Two Poems

The Adirondack Review
     for V. Manuel

Why forgive us now? I ask, I ask. 
You say, too late. Too late now, I agree, 

for hearts so far apart can only smell the scent 
of hate we heeded then. 

(You flew to the East. Destiny and rebellion, you claim) 

We have begun to see different gods of rebels. 
Do you even remember the language spoken here? 

You have learned many words for rebellion
I recognize one, surrender. Your many words 
don’t matter in this monolith of bad syntax.

So I sit here stuttering our structures of regret. 
How you say, too late. How I agree without 
filtering nuance. How I accept absurdity in all its form. 

Hours figuring the language of how to love you less.

The Moment
     for Brian C

How do you record a thought that flies as fast
as the arrival of a new one? How do you bring it back?

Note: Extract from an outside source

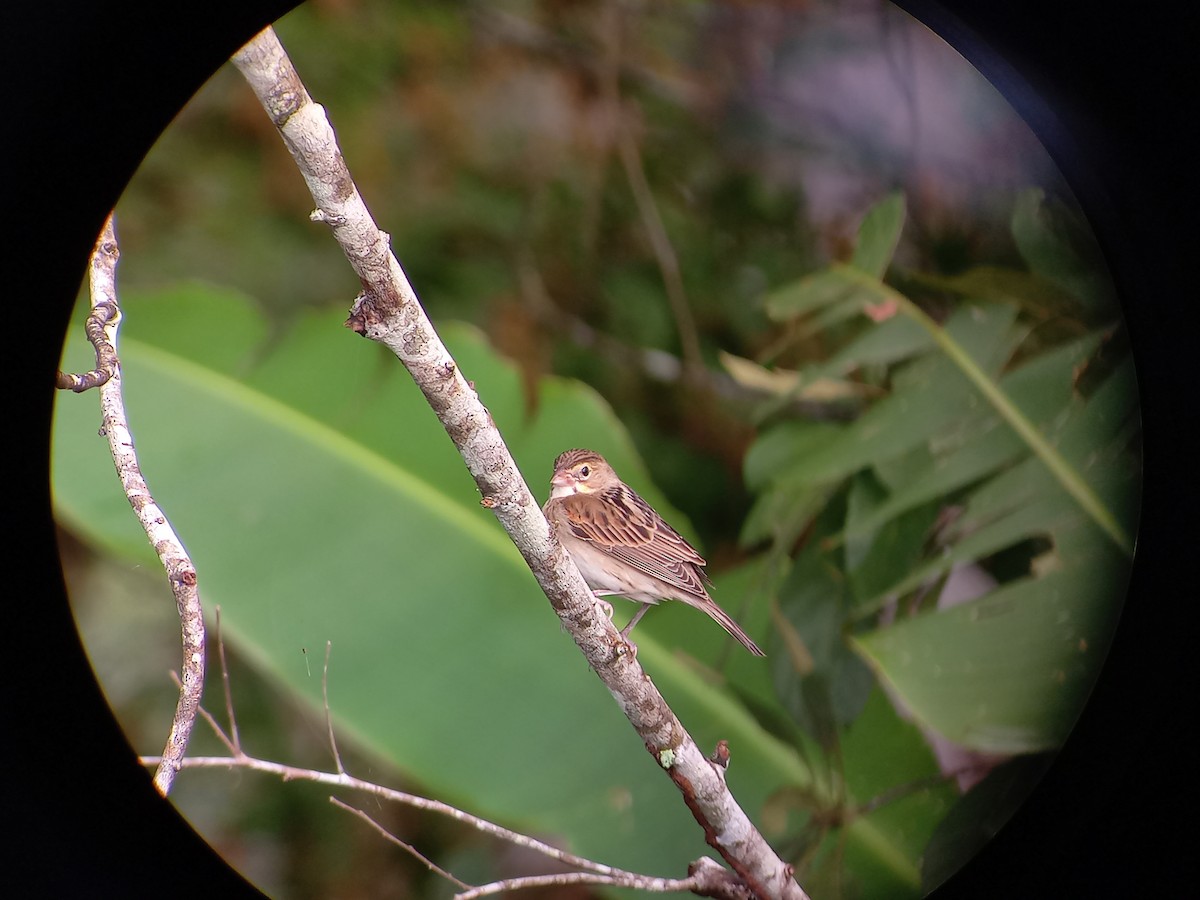 Dickcissel - Domiciano Alveo - www.whitehawkbirding.com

How do you tell yourself to hold it, hold, tell it to stay,
this thought, fading now, the first line with only two words

to remember him and nothing else.

He is a fleeting moment, this you knew,
a poem in the making you have never begun.

Why you thought there was a future in the way
he held your hands, a feeling you claim to be different

from the darkness in all of the other rooms.
There is only one door that stares at you back

to remember him and nothing else.

How do you record a thought that flies as fast
as the joy you now begin to understand, this joy

to remember him, only to remember him, and nothing else.

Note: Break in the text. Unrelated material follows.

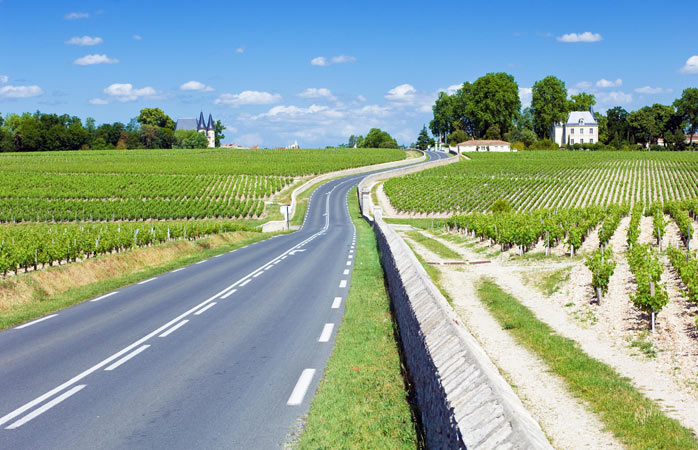 Şarap bölgesi Médoc’taki Château La Gravière’e giderken sıra sıra dizilmiş üzüm bağlarının arasından geçeceksin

BINO A. REALUYO has published poems in The Nation, The Kenyon Review, New Letters, Manoa: International Journal of Pacific Writing, Mid-American Review, Puerto del Sol, The Literary Review and several anthologies such as the Norton Anthology Language for a New Century and Fire in the Soul: 100 Poems for Human Rights. These two poems are from his recently completed manuscript, The Rebel Sonnets.

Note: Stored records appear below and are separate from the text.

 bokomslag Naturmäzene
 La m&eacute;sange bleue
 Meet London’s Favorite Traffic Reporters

His poetry collection, The Gods We Worship Live Next Door, received the Agha Shahid Ali Prize for Poetry in 2005. Its Philippine edition, published three years later, received the Philippine National Book Award for Poetry in 2009. He has received fellowships and awards from Yaddo, New York Foundation for the Arts, Valparaiso in Spain, Urban Artist Grant, Queens Council on the Arts, and a Lucille Medwick Memorial Award from Poetry Society of America. He works in the field of adult literacy, providing education and support for immigrants in New York City.